> [EXERCISE DIRECTIONS] Each line below must be transcribed exactly, and no picture may appear in the transcription.

> [DATA PROVIDED]
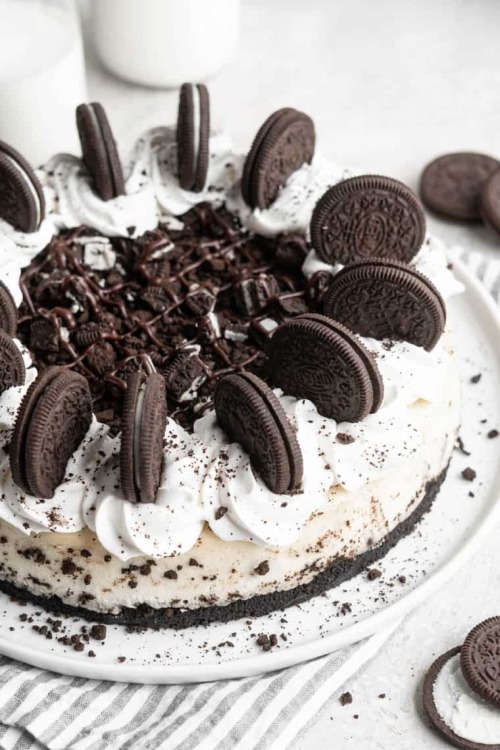 ransnacked:oreo cheesecake | grandbaby cakes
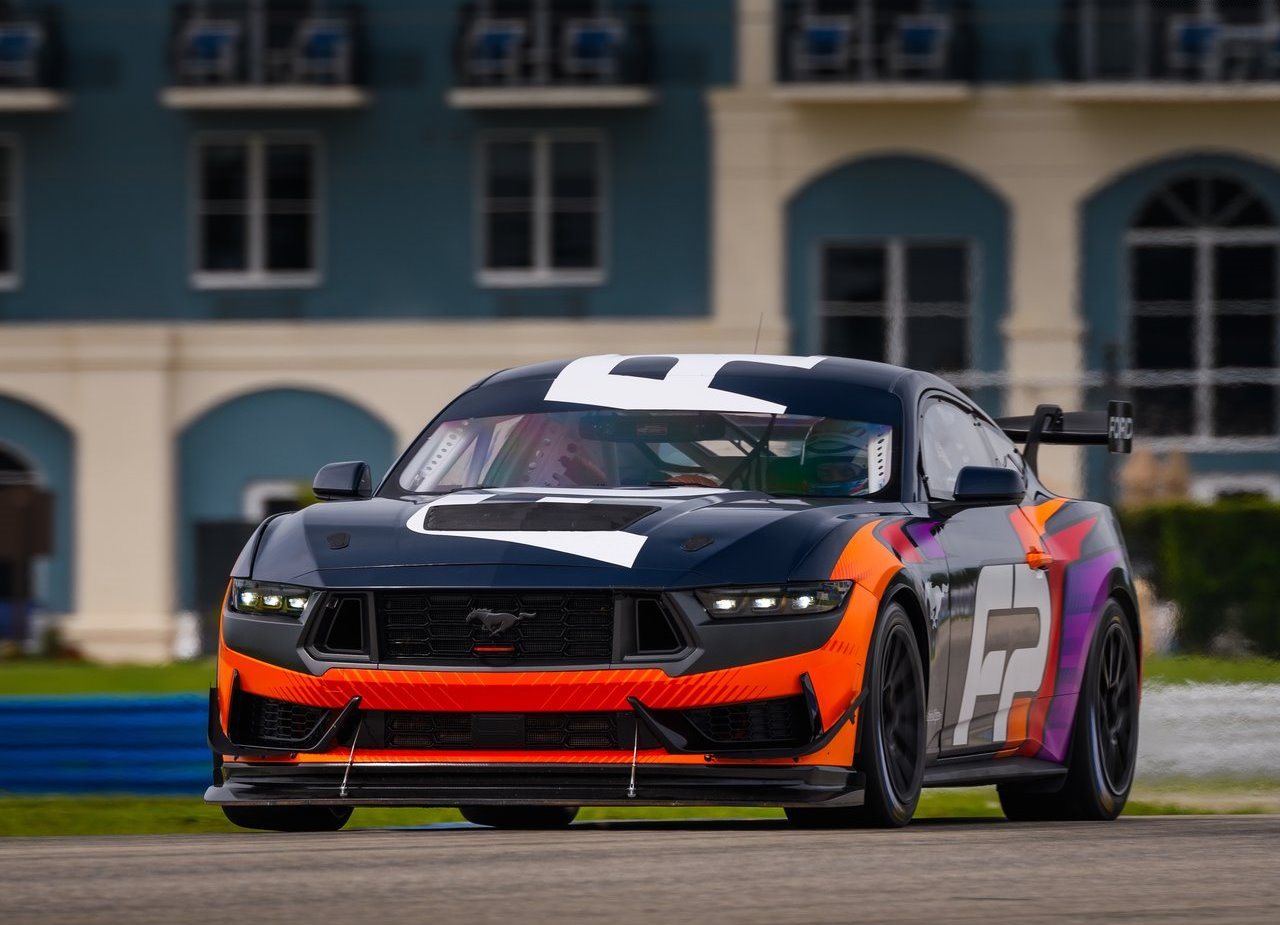 FORD MUSTANG GT4, foto 12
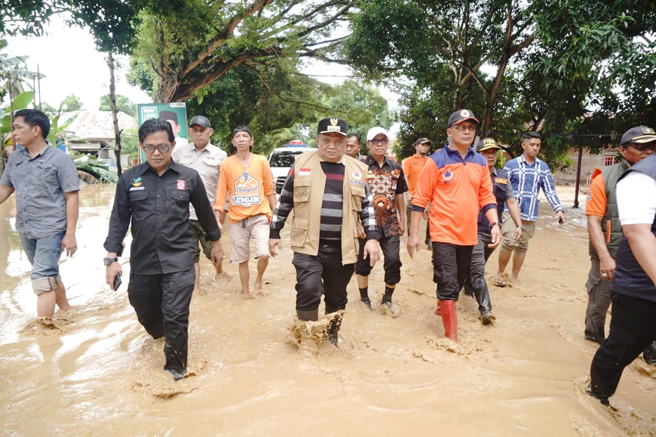 Tinjau Banjir, Pj Bupati Luwu Tetapkan Tanggap Darurat Bencana Hingga Juni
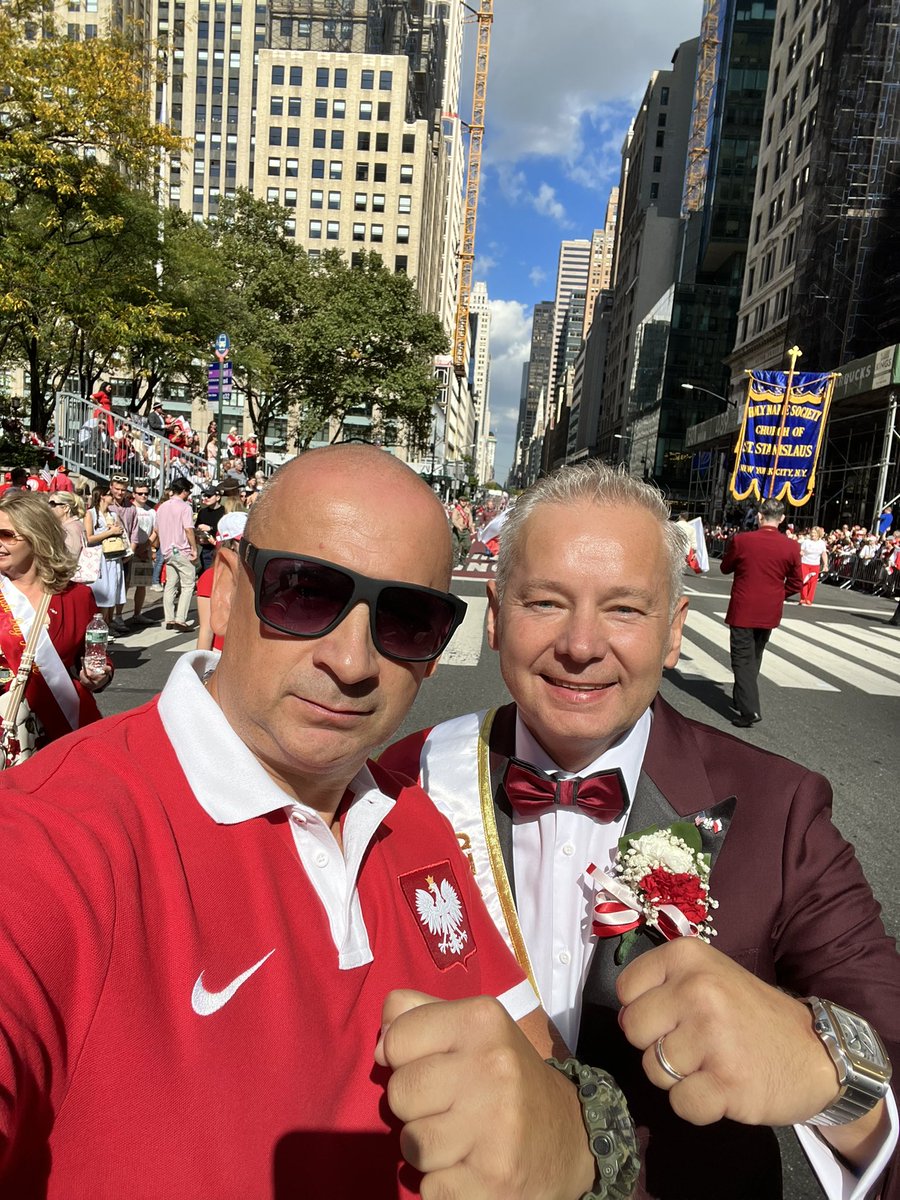 PolishCuisine's tweet photo. The 87th annual Pulaski Day Parade in NYC- what a beautiful day to remember & what a day to truly be Polish π΅π±π #ParadaPulaskiego #PulaskiDayParade #PolishParade #PolishHeritage #Manhattan #NYC #PolishAmericanHeritageMonth #NewYork #BialoCzerwoni π΅π±πΊπΈ https://t.co/XxEVygZOL1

> [TASK RESPONSE]
 ransnacked:oreo cheesecake | grandbaby cakes
 FORD MUSTANG GT4, foto 12
 Tinjau Banjir, Pj Bupati Luwu Tetapkan Tanggap Darurat Bencana Hingga Juni
 PolishCuisine's tweet photo. The 87th annual Pulaski Day Parade in NYC- what a beautiful day to remember & what a day to truly be Polish π΅π±π #ParadaPulaskiego #PulaskiDayParade #PolishParade #PolishHeritage #Manhattan #NYC #PolishAmericanHeritageMonth #NewYork #BialoCzerwoni π΅π±πΊπΈ https://t.co/XxEVygZOL1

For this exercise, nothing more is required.